La fête promettait d’être belle. Le palmarès du guide Michelin n’a, cette année, fait l’objet d’aucune fuite. Le petit guide rouge s’est même offert un sérieux relookage pour l’occasion. Mais la grand-messe annuelle de remise des récompenses à Paris a dû s’ouvrir par une minute de silence, en hommage au suicide présumé d’un des leurs, lundi soir. Le chef franco-suisse triplement étoilé Benoît Violier qui, à 44 ans, dirigeait le restaurant de l’Hôtel de ville, à Crissier, en Suisse, aurait mis fin à ses jours « à l’aide d’une arme à feu », a indiqué la police locale. Voilà qui est venu ranimer le souvenir encore vivace du suicide de Bernard Loiseau, en 2003, et la polémique sur la peur de perdre une étoile dans l’explication de son geste. Ironie du sort, le restaurant du chef disparu perd cette année une étoile.
Le guide Michelin , véritable bible de la gastronomie
C’est dire si le moment est aussi attendu qu’il est redouté.
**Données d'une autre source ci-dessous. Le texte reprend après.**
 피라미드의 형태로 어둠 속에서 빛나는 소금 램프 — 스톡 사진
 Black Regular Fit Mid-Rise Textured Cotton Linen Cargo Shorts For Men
Chaque année, le palmarès des cuisiniers étoilés du guide Michelin, véritable bible de la gastronomie, façonne des chemins de respectabilité autant qu’il leste des réputations. Les récompensés s’offrent une notoriété qui tire par le haut toute la cuisine française. Mais les déchus ou les non-élus restent, de fait, sur le bas-côté d’un système construit autour de la distinction. Hier, la grand-messe annuelle du guide rouge a dévoilé les gagnants de l’année, avec un florilège de 52 nouveaux chefs étoilés. Que des hommes, sur un total de 600. Christian Le Squer, qui a repris la cuisine du restaurant Le Cinq, de l’hôtel George V à Paris, obtient une troisième étoile. Ainsi que l’incontournable Alain Ducasse, pour le Plaza Athénée, qui a commenté : « Il me plaît de dire qu’on peut vivre sans les étoiles mais c’est mieux avec. » Depuis une bonne dizaine d’années, pourtant, des grands chefs (Alain Senderens le premier, en 2005) ont choisi de vivre sans, jugeant que l’appel de la distinction finissait par les détourner de l’essentiel. Car, derrière les honneurs et le travail récompensé, la course aux étoiles multiplie aussi les contraintes. Qualité culinaire et des produits, horaires de travail hors normes, service impeccable, décoration personnalisée… le standing d’un restaurant trois étoiles, malgré des prix très élevés, rime rarement avec l’équilibre économique. La plupart des chefs doivent trouver d’autres sources de financement pour rentabiliser leur affaire. Ils ouvrent des « annexes », bistrots et petites tables à leur nom, investissent dans des hôtels, multiplient les services dans leur établissement, ou encore cèdent aux subsides offerts par la publicité.
Il n’en reste pas moins vrai que, chaque année, le palmarès Michelin est une mesure incontournable de la santé de la gastronomie. La sélection 2016 signale, par exemple, les établissements de nombreux chefs « locavores », soucieux de concilier la pratique de la cuisine avec le respect de l’environnement.